Answer to Question #175789 in Chemistry for Jeremy

Solution:

(Question 1a):

The balanced chemical equation:

Zn + 2HCl → ZnCl₂ + H₂

The molar mass of Zn is 65.38 g mol^-1.

The molar mass of HCl is 36.458 g mol^-1.

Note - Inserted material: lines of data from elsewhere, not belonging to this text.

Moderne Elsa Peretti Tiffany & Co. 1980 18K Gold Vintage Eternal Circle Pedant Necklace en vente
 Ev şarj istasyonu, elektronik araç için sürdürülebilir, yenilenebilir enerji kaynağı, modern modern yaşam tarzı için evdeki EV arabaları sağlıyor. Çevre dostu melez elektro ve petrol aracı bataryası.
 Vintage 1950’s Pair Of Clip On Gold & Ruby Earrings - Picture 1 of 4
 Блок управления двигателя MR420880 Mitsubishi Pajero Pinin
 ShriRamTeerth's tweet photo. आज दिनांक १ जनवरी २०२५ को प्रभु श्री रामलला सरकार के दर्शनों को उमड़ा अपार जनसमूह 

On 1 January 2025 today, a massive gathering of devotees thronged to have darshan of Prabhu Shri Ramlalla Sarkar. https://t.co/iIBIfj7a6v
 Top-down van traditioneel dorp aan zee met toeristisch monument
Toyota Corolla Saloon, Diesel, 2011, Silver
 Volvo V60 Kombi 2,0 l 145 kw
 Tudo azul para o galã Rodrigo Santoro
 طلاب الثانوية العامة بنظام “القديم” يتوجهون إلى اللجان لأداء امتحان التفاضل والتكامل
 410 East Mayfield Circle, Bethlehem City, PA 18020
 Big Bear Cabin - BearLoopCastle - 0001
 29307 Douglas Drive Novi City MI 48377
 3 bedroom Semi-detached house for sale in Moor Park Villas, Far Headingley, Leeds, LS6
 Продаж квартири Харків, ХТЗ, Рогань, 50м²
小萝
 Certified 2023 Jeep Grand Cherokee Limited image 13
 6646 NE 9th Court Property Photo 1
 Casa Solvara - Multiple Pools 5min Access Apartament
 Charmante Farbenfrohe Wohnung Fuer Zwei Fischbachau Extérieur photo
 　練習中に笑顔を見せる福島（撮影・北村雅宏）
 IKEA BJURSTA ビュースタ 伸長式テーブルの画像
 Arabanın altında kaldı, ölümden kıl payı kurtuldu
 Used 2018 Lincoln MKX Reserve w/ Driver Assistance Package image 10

Determine moles of each reactant:

(150 g Zn) × (1 mol Zn / 65.38 g Zn) = 2.2943 mol Zn

(73 g HCl) × (1 mol HCl / 36.458 g HCl) = 2.0023 mol HCl

According to the chemical equation above: n(Zn) = n(HCl)/2

Choose one reactant and determine how many moles of the other reactant are necessary to completely react with it. Let's choose HCl:

n(Zn) = n(HCl) / 2 = 2.0023 mol / 2 = 1.00115 mol

The calculation above means that we need 1.00115 mol of Zn to completely react with 2.0023 mol of HCl.

We have 2.2943 mol Zn and therefore more than enough zinc.

Thus zinc (Zn) is in excess and hydrochloric acid (HCl) must be the limiting reagent.

The limiting reagent is hydrochloric acid (HCl).

(Q1b):

The molar mass of ZnCl₂ is 136.3 g mol^-1.

Since hydrochloric acid (HCl) is a limiting reagent, then:

(73 g HCl) × (1 mol HCl / 36.458 g HCl) × (1 mol ZnCl₂ / 2 mol HCl) × (136.3 g ZnCl₂ / 1 mol ZnCl₂) = 136.457 g ZnCl₂ = 136.5 g ZnCl₂

136.5 grams of ZnCl₂ would be produced.

(Q2a):

The balanced chemical equation:

Mg + CuSO₄ → MgSO₄ + Cu

The molar mass of Mg is 24.305 g mol^-1.

The molar mass of CuSO₄ is 159.609 g mol^-1.

Determine moles of each reactant:

(10.00 g Mg) × (1 mol Mg / 24.305 g Mg) = 0.41 mol Mg

(95.75 g CuSO₄) × (1 mol CuSO₄ / 159.609 g CuSO₄) = 0.5999 mol CuSO₄ = 0.60 mol CuSO₄

According to the chemical equation above: n(Mg) = n(CuSO₄)

Choose one reactant and determine how many moles of the other reactant are necessary to completely react with it. Let's choose Mg:

n(CuSO₄) = n(Mg) = 0.41 mol

The calculation above means that we need 0.41 mol of CuSO₄ to completely react with 0.41 mol of Mg.

We have 0.60 mol CuSO₄ and therefore more than enough copper (II) sulphate.

Thus copper (II) sulphate (CuSO₄) is in excess and magnesium (Mg) must be the limiting reagent.

Copper (II) sulphate (CuSO₄) is in excess.

(Q2b):

The molar mass of Cu is 63.546 g mol^-1.

Since magnesium (Mg) is a limiting reagent, then:

(10.00 g Mg) × (1 mol Mg / 24.305 g Mg) × (1 mol Cu / 1 mol Mg) × (63.546 g Cu / 1 mol Cu) = 26.15 g

26.15 grams of copper (Cu) formed.

(Q3):

The balanced chemical equation:

Ag₂O + H₂ → 2Ag + H₂O

Hydrogen gas (H₂) should be used in excess.

Answers:

(Q1a): The limiting reagent is hydrochloric acid (HCl).

(Q1b): 136.5 grams of ZnCl₂ would be produced.

(Q2a): Copper (II) sulphate (CuSO₄) is in excess.

(Q2b): 26.15 grams of copper (Cu) formed.

(Q3): Hydrogen gas (H₂) should be used in excess.